#### TASK INPUTS
■ ■ ■

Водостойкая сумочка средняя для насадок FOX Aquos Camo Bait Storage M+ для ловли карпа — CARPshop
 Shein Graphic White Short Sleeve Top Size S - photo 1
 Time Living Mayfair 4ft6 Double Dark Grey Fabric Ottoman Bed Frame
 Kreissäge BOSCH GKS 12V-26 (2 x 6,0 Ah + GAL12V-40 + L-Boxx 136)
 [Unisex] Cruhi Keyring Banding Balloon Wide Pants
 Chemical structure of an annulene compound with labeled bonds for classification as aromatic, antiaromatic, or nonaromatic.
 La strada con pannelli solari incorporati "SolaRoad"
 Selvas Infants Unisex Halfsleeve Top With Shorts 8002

■ ■ ■

#### TASK REQUIREMENTS
Give the entries again in full, with nothing changed.

#### REPLY
Водостойкая сумочка средняя для насадок FOX Aquos Camo Bait Storage M+ для ловли карпа — CARPshop
 Shein Graphic White Short Sleeve Top Size S - photo 1
 Time Living Mayfair 4ft6 Double Dark Grey Fabric Ottoman Bed Frame
 Kreissäge BOSCH GKS 12V-26 (2 x 6,0 Ah + GAL12V-40 + L-Boxx 136)
 [Unisex] Cruhi Keyring Banding Balloon Wide Pants
 Chemical structure of an annulene compound with labeled bonds for classification as aromatic, antiaromatic, or nonaromatic.
 La strada con pannelli solari incorporati "SolaRoad"
 Selvas Infants Unisex Halfsleeve Top With Shorts 8002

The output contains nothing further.